Stored data entries

•••••

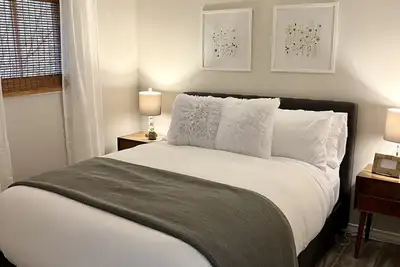 Image de Executive apartment w/ free parking & WiFi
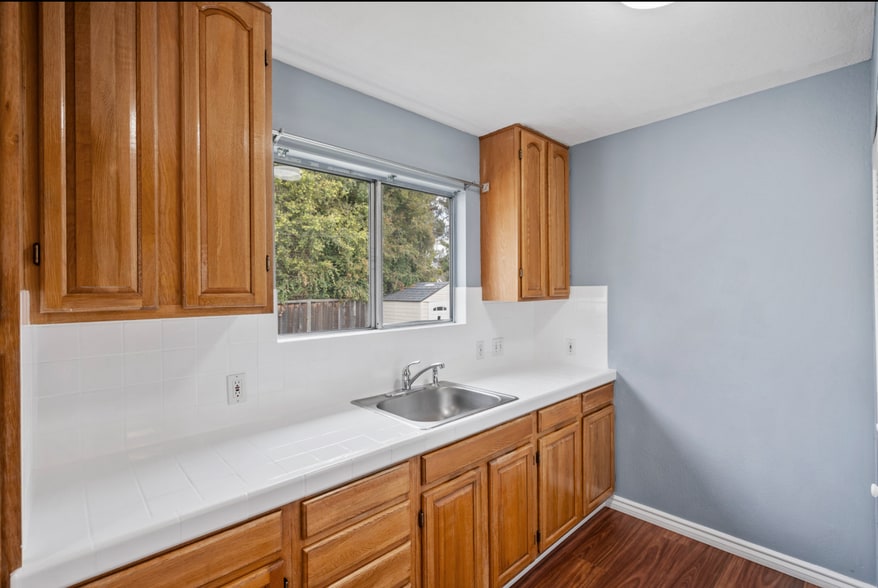 Building Photo - 3439 Payne Ave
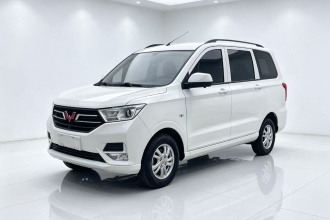五菱汽车 五菱宏光 2021款 改款 1.5L S标准型 液压助力LAR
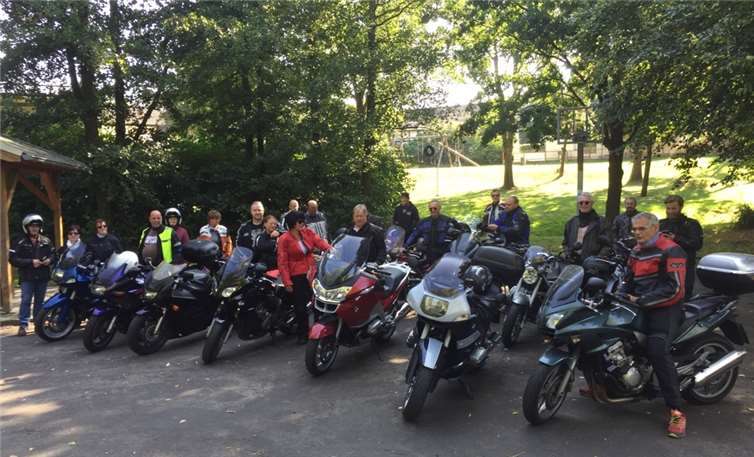 Im August starteten die Motorrad-Fahrer unter den Linkenbachern zur diesjährigen gemeinsamen Sonntagsausfahrt. privat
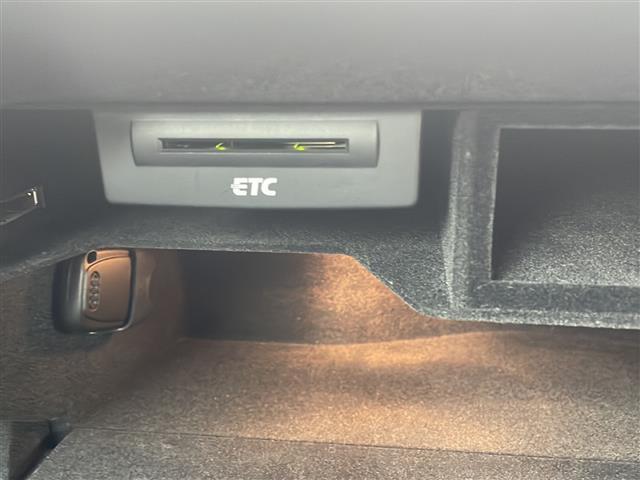 Ａ５スポーツバック ２．０ＴＦＳＩクワトロ　Ｓラインパッケージ　純正ナビ　フルセグ　レザー　ＨＩＤライト（18枚目）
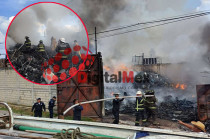 El siniestro ocurrió dentro de una recicladora instalada en la zona, donde el fuego se extendió rápidamente entre el material acumulado.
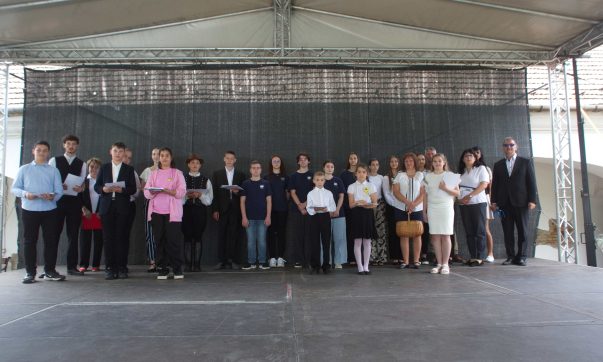 Elismerő okleveleket vehettek át a városunkban tanuló tehetségek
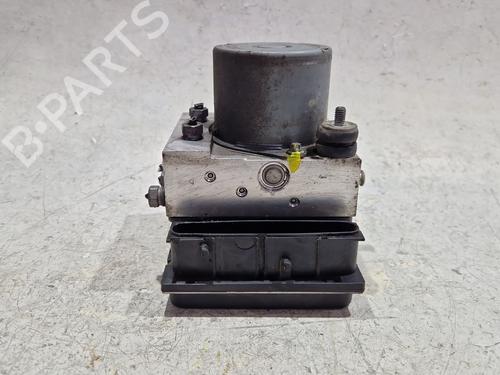 Używane Pompa ABS ALFA ROMEO 147 (937_) 1.9 JTDM 8V (937.AXD1A, 937.AXU1A, 937.BXU1A) (120 hp) 30830399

•••••

§ Try it: Reproduce exactly, with nothing added, the lines from the line with "Building Photo - 3439 Payne Ave" through the end of the entries above; pictures are to be left out.

§ Result:
 Building Photo - 3439 Payne Ave
五菱汽车 五菱宏光 2021款 改款 1.5L S标准型 液压助力LAR
 Im August starteten die Motorrad-Fahrer unter den Linkenbachern zur diesjährigen gemeinsamen Sonntagsausfahrt. privat
 Ａ５スポーツバック ２．０ＴＦＳＩクワトロ　Ｓラインパッケージ　純正ナビ　フルセグ　レザー　ＨＩＤライト（18枚目）
 El siniestro ocurrió dentro de una recicladora instalada en la zona, donde el fuego se extendió rápidamente entre el material acumulado.
 Elismerő okleveleket vehettek át a városunkban tanuló tehetségek
 Używane Pompa ABS ALFA ROMEO 147 (937_) 1.9 JTDM 8V (937.AXD1A, 937.AXU1A, 937.BXU1A) (120 hp) 30830399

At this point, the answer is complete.